An evaluation of the combination effect of zoledronate and chemotherapeutic agents in canine osteosarcoma cells

Yoshimi Iwaki; Stephanie E S Lindley; Noelle Bergman; Bruce F Smith; Satyanarayana R Pondugula

doi:10.3389/fvets.2024.1327377

An evaluation of the combination effect of zoledronate and chemotherapeutic agents in canine osteosarcoma cells

Front Vet Sci. 2024 Feb 13:11:1327377. doi: 10.3389/fvets.2024.1327377. eCollection 2024.

Authors

Yoshimi Iwaki^{1

2}, Stephanie E S Lindley¹, Noelle Bergman¹, Bruce F Smith³, Satyanarayana R Pondugula⁴

Affiliations

¹ Department of Clinical Science, College of Veterinary Medicine, Auburn University, Auburn, AL, United States.
² Department of Veterinary Medicine and Surgery, College of Veterinary Medicine, University of Missouri, Columbia, MO, United States.
³ Scott Ritchey Research Center, College of Veterinary Medicine, Auburn University, Auburn, AL, United States.
⁴ Department of Anatomy, Physiology and Pharmacology, College of Veterinary Medicine, Auburn, AL, United States.

Abstract

Introduction: Osteosarcoma (OSA) is an aggressive form of bone cancer in both dogs and humans.
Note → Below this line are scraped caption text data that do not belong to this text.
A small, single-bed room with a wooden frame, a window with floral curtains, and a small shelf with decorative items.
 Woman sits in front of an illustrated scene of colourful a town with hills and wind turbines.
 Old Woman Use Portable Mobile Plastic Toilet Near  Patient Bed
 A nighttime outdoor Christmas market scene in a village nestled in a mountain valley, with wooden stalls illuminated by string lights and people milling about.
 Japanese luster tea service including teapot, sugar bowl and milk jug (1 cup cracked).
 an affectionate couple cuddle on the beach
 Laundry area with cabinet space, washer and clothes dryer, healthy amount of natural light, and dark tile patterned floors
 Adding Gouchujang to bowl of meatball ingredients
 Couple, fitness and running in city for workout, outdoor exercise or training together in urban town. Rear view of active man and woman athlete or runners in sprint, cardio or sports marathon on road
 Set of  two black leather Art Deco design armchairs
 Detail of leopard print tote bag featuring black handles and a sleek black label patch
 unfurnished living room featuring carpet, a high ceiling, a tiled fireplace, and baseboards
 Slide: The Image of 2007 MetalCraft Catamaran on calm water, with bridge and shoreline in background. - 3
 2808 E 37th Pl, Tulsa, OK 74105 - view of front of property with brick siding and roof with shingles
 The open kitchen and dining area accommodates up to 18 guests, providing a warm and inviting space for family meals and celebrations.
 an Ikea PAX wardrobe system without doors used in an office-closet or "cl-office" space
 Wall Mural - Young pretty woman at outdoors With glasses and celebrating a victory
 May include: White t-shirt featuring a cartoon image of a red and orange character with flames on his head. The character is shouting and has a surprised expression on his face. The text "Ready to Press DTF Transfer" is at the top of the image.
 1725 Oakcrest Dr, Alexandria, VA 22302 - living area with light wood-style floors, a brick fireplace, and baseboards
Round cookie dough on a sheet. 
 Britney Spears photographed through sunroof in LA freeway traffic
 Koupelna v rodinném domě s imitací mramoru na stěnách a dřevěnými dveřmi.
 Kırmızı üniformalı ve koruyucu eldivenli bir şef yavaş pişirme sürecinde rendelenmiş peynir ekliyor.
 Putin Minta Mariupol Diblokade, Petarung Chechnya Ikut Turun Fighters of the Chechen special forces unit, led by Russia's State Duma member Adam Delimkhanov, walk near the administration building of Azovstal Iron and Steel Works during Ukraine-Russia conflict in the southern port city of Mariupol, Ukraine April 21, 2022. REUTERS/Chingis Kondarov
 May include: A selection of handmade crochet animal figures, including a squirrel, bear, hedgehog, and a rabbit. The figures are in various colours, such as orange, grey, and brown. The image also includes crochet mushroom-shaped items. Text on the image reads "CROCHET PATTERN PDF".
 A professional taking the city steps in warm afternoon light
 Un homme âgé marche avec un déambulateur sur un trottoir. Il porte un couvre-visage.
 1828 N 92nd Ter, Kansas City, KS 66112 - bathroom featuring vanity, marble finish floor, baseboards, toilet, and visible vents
The treatment options for metastatic (stage III) OSA are currently limited and the prognosis is poor. Zoledronate, a second generation amino-bisphosphonate, is commonly used for palliation of cancer induced bone pain. Zoledronate has also demonstrated anti-cancer properties and possibly enhances the cytotoxicity of doxorubicin in a canine histiocytosis cell line and human prostatic cancer cell line. The goal of this study was to evaluate the combination effect of zoledronate and various chemotherapeutic drugs in canine OSA cells.

Methods: Canine OSA cell line (D17), cells from two canine primary OSAs, and MDCK, a canine kidney cell line, were used to evaluate the therapeutic potential of these drugs. Carboplatin, doxorubicin, vinorelbine, toceranib, and isophosphoramide mustard (active metabolite of ifosfamide) were used as chemotherapeutic agents. First, cells were treated with either zoledronate or chemotherapy drug alone for 72 hours. Cell viability was assessed using CellTiter Glo and IC₅, IC₁₀, IC₂₀, and IC₅₀ were calculated. Second, cells were treated with a combination of zoledronate and each chemotherapeutic agent at their IC₅, IC₁₀, IC₂₀, and IC₅₀ concentrations. After 72 hours, cell viability was assessed by CellTiter Glo.

Results and discussion: Zoledronate, carboplatin, doxorubicin, vinorelbine, and isophosphoramide mustard showed concentration dependent decrease in cell viability. Toceranib showed decreased cell viability only at higher concentrations. When zoledronate was used in combination with chemotherapy drugs, while it showed potential synergistic effects with toceranib, potential antagonistic effects with vinorelbine and isophosphoramide mustard were observed. However, the results differed by cell line and thus, further evaluation is warranted to understand the exact mechanism of action.

Keywords: chemotherapy; combination effect; dogs; osteosarcoma; zoledronate.

Grants and funding

The author(s) declare financial support was received for the research, authorship, and/or publication of this article. This study was funded by the American College of Veterinary Internal Medicine Resident Research Grant and sponsored by the Purina Institute. This manuscript has not reviewed by ACVIM or the Purina Institute and do not necessarily reflect the views of the ACVIM, its officers, directors, or the Sponsor.